## Stored data
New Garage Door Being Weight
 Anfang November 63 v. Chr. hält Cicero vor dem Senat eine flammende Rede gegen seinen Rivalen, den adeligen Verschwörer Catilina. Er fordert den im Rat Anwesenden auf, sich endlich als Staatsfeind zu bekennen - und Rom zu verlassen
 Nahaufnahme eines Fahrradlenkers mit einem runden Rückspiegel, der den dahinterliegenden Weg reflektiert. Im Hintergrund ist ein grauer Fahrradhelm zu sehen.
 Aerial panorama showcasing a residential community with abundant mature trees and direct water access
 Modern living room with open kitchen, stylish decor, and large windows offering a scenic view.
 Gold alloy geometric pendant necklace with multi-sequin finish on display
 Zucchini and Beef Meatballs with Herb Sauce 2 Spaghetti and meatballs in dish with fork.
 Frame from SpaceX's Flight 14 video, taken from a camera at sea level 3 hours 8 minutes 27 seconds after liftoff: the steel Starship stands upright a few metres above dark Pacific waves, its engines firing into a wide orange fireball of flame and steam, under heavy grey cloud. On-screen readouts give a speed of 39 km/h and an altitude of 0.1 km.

## Exercise aim
Please show every line of the material that contains the string "with".

## Result below
 Aerial panorama showcasing a residential community with abundant mature trees and direct water access
 Modern living room with open kitchen, stylish decor, and large windows offering a scenic view.
 Gold alloy geometric pendant necklace with multi-sequin finish on display
 Zucchini and Beef Meatballs with Herb Sauce 2 Spaghetti and meatballs in dish with fork.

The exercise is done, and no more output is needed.